Por Carlos Antônio de Carvalho Fernandes1; Eduardo Ramos de Oliveira2;Thales Discini Vasconcelos2
Introdução
A eficiência em rebanhos de corte pode ser traduzida pelo número de bezerros nascidos, em relação ao número de matrizes num determinado período, o intervalo de partos pode traduzir esta eficiência. Dividindo-se 365 pelo intervalo de partos, em dias e multiplicando esta razão por 100, obtém-se o percentual de fêmeas de um rebanho que chegam a parir anualmente. Este índice é global e reflete a condição geral da situação reprodutiva da propriedade. Depende de duas variáveis, que seriam a duração do período do parto ao reinicio da atividade reprodutiva (intervalo parto-1o estro), e também do tempo gasto para que se estabeleça uma nova gestação (número de serviços/concepção). Como a duração da gestação não pode ser alterada, para melhorar os índices reprodutivos de um plantel é necessário que as vacas retornem à atividade reprodutiva rapidamente após o parto e que tenham condições ótimas de concepção, ou seja, boa fertilidade.

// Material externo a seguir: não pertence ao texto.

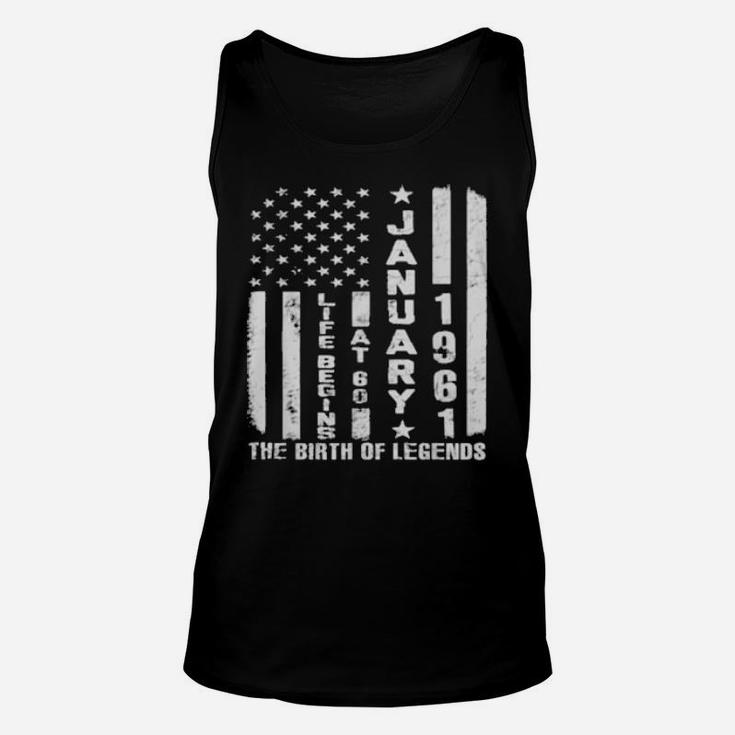 Life Begins At 60 Born In January 1961 The Year Of Legends Unisex Tank Top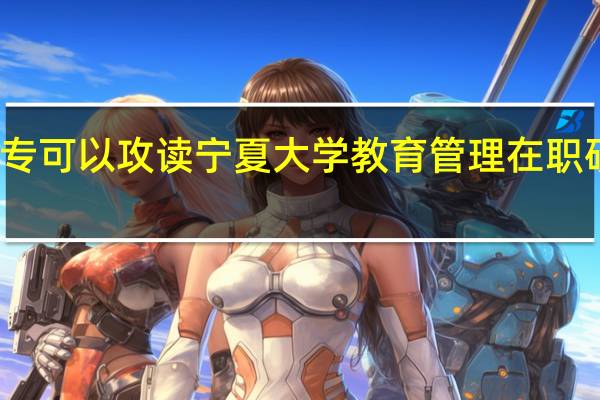 大专可以攻读宁夏大学教育管理在职研究生吗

Para a vaca, puerpério tem sido definido como o período que vai do parto até o aparecimento do primeiro estro no qual nova gestação possa ser estabelecida, o que implica em completa involução uterina e retorno da atividade endócrina, com plena reativação e sincronia do eixo hipotálamo-hipófise-ovário, que permita crescimento folicular, estro, ovulação, concepção, desenvolvimento do corpo lúteo e gestação.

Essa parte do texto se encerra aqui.